Stanford Graduate School of Business economist Paul Oyer became a certified Uber driver to learn more about the gig economy. After finding himself back on the dating scene a few years ago, he signed himself up on a dating site that ultimately led to a 2014 book entitled Everything I Ever Needed to Know About Economics I Learned from Online Dating. Now he’s signing up for a new job at Stanford as head of the school’s prestige MBA program.
Beginning Oct. 1, Oyer will succeed Yossi Feinberg as a senior associate dean with a portfolio that includes Stanford’s MBA and MSx Admissions, the MBA and MSx programs, as well as the school’s Career Management Center. A member of the GSB faculty for 19 years, Oyer comes to the job well prepared. He has been Co-Director of the Center for Entrepreneurial Studies, Area Coordinator for the Economics Group, and member of the Future of Management Education committee.
After three years in the job, Feinberg decided to return to full-time teaching and research. In a memo announcing the change, Stanford Dean Jon Levin noted Feinberg’s “long list of accomplishments” including his support of the school’s MBA and MSx programs, from admissions to academic and student life, to careers, as well as his leadership of the GSB’s management education curriculum. “His dedication as a SAD (senior associate dean), and his commitment to the GSB are truly extraordinary,” wrote Levin.
A 1989 MBA FROM YALE TAKES OVER STANFORD’S MBA PROGRAM
Before moving to the GSB in 2000 to teach economics and entrepreneurship, Oyer was on the faculty of the Kellogg School of Management at Northwestern University. In his pre-academic life, he worked for the management consulting firm of Booz, Allen, and Hamilton, as well as for the high technology firms 3Com Corporation and ASK Computer Systems.

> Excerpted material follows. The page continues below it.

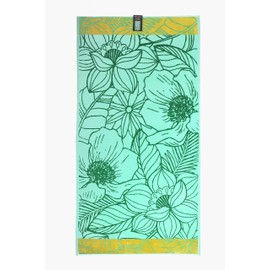 jilda-tex Beach Towel/Bath Towel, 90 x 180 cm, 100% Organic Cotton, Velour, Terry Cloth, Global Organic Textile Standard (GOTS), Bali, 90 x 180 cm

He holds a BA in math and computer science from Middlebury College, an MBA from Yale University’s School of Management earned in 1989, and an MA and PhD in economics from Princeton University picked up in 1994 and 1996, respectively. According to his CV, when Oyer is not teaching or doing research, “Paul runs, swims, skis, hangs out with his two college-age children, and walks his flat-coated retriever.”
Oyer’s research is in the field of personnel economics. Besides his book that uses online dating to explain key ideas in microeconomics, he also is the co-author of Roadside MBA, a strategy guide for small businesses based on the authors’ extensive travel around the U.S. interviewing small business owners.